====== Exercise material
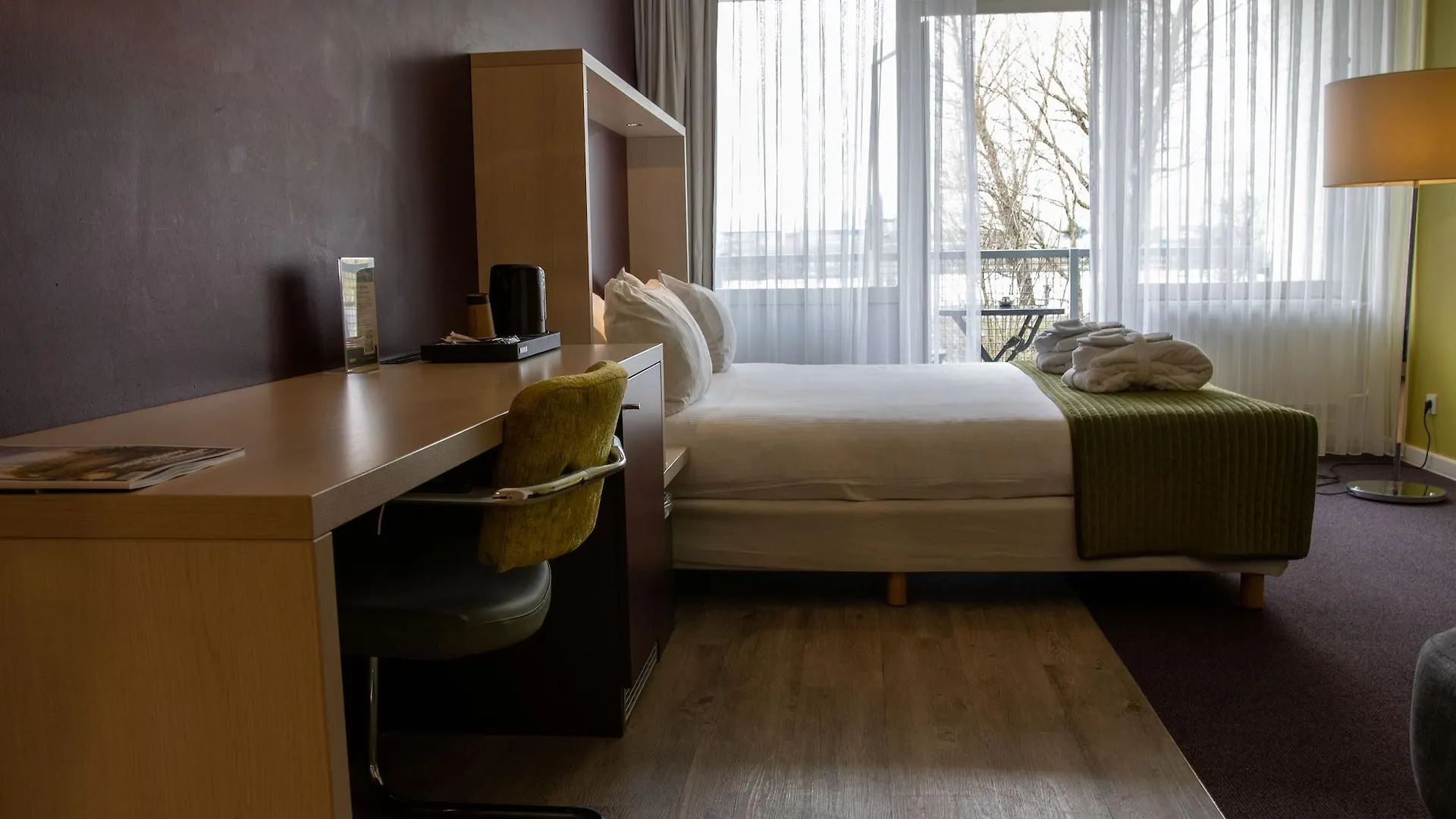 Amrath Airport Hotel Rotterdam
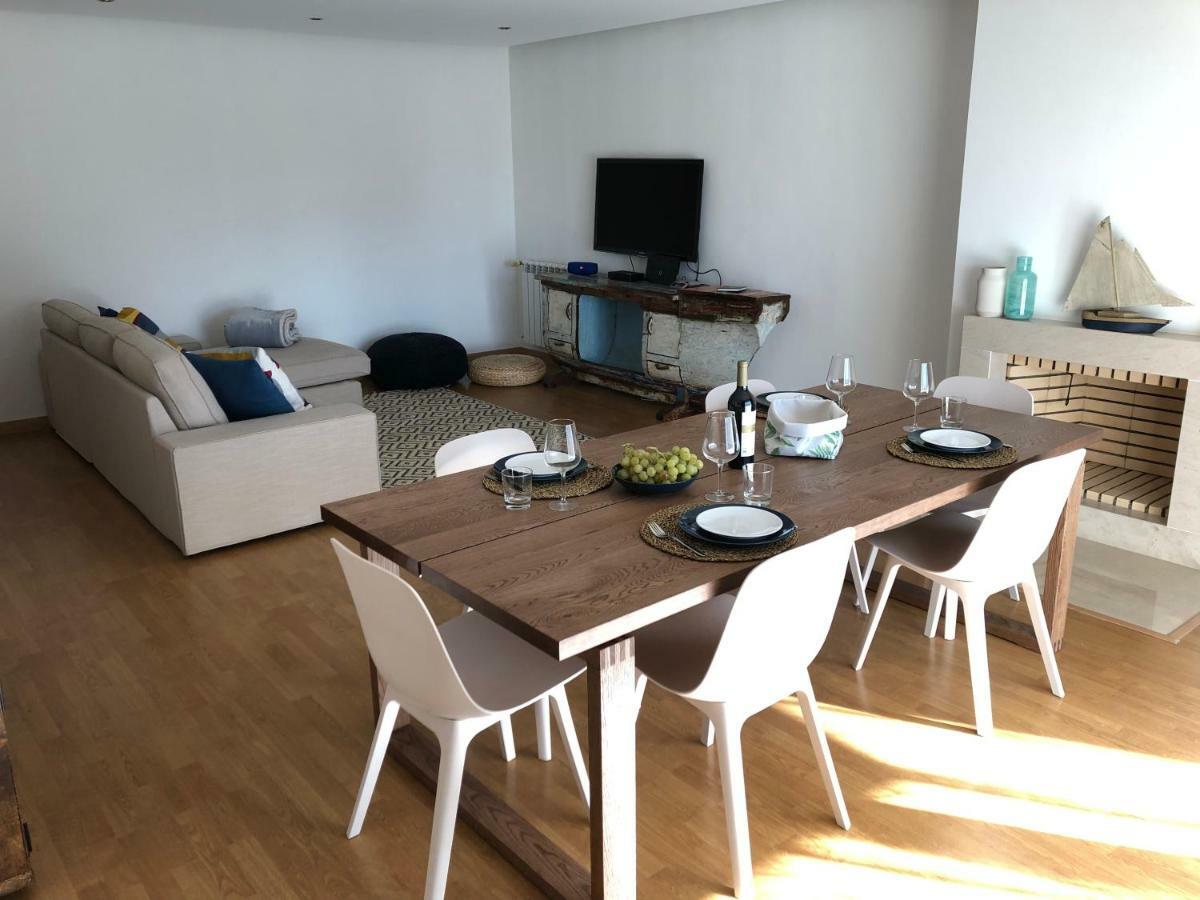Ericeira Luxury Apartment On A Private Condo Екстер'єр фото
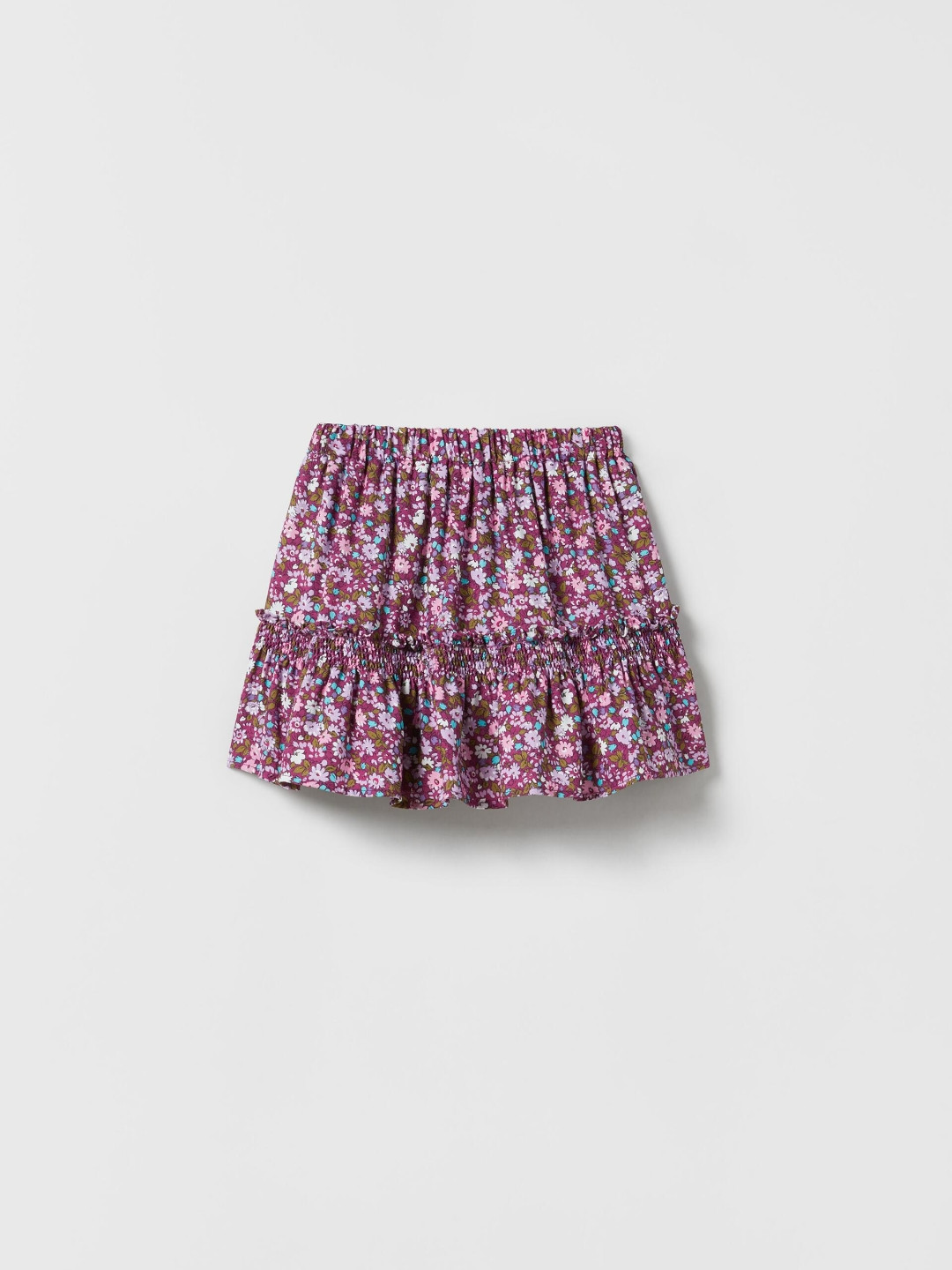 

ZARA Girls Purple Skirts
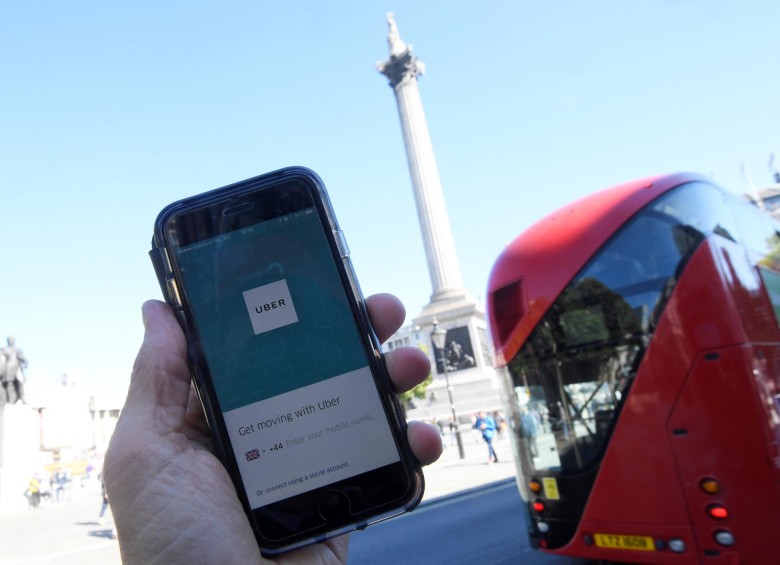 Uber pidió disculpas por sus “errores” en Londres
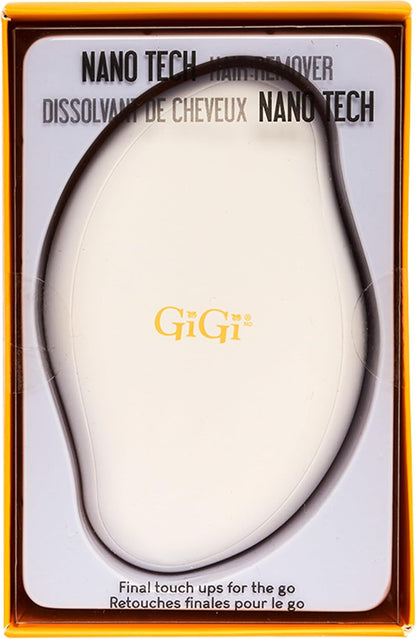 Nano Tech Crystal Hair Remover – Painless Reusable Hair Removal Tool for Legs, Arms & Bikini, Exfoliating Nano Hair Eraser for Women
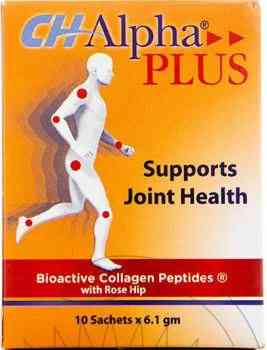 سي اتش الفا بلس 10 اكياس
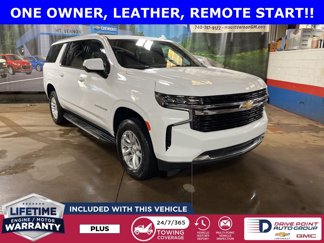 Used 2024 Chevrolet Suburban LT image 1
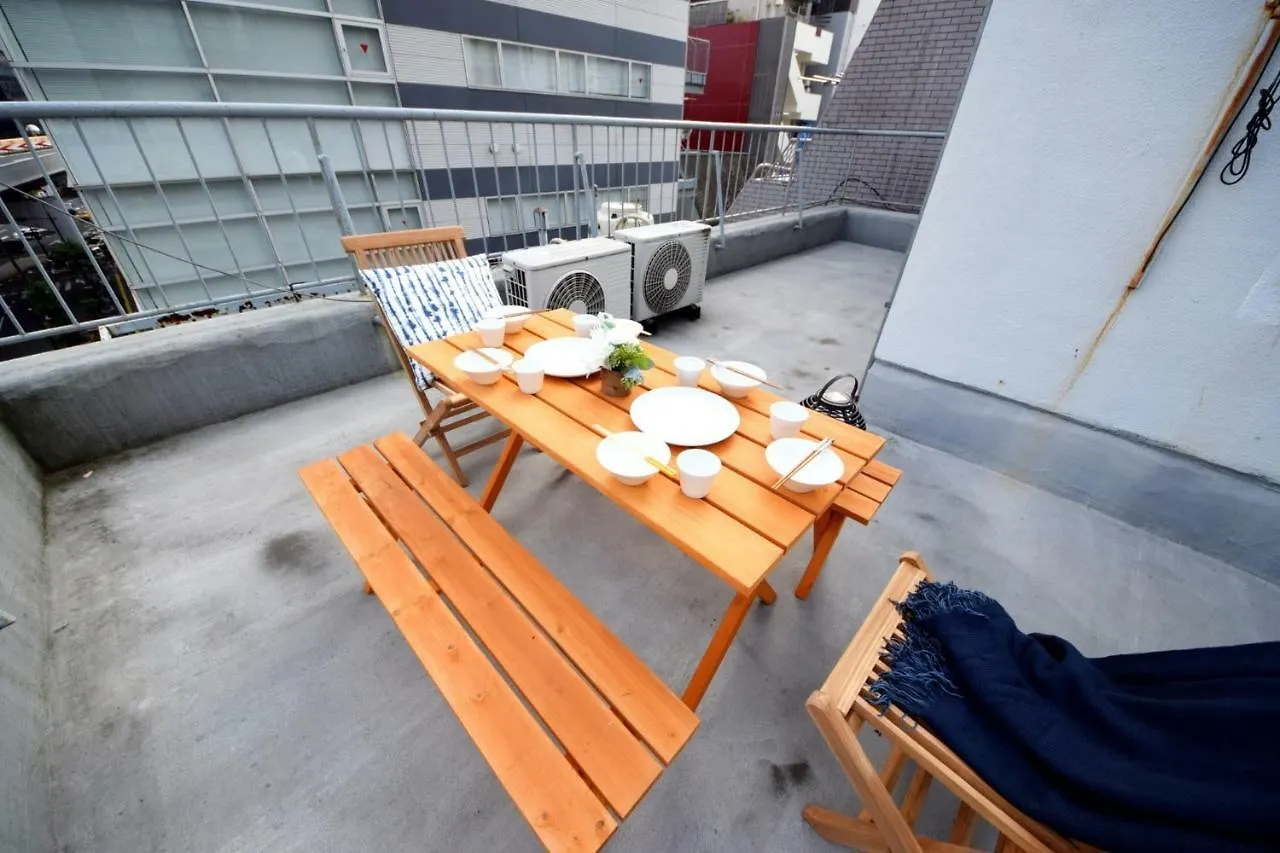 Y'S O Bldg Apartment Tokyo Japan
============
[Exercise requirements] From the line that contains "Uber pidió disculpas" down to the final line of the entries above, please copy each line exactly, excluding pictures.

[Response area]
 Uber pidió disculpas por sus “errores” en Londres
 Nano Tech Crystal Hair Remover – Painless Reusable Hair Removal Tool for Legs, Arms & Bikini, Exfoliating Nano Hair Eraser for Women
 سي اتش الفا بلس 10 اكياس
 Used 2024 Chevrolet Suburban LT image 1
 Y'S O Bldg Apartment Tokyo Japan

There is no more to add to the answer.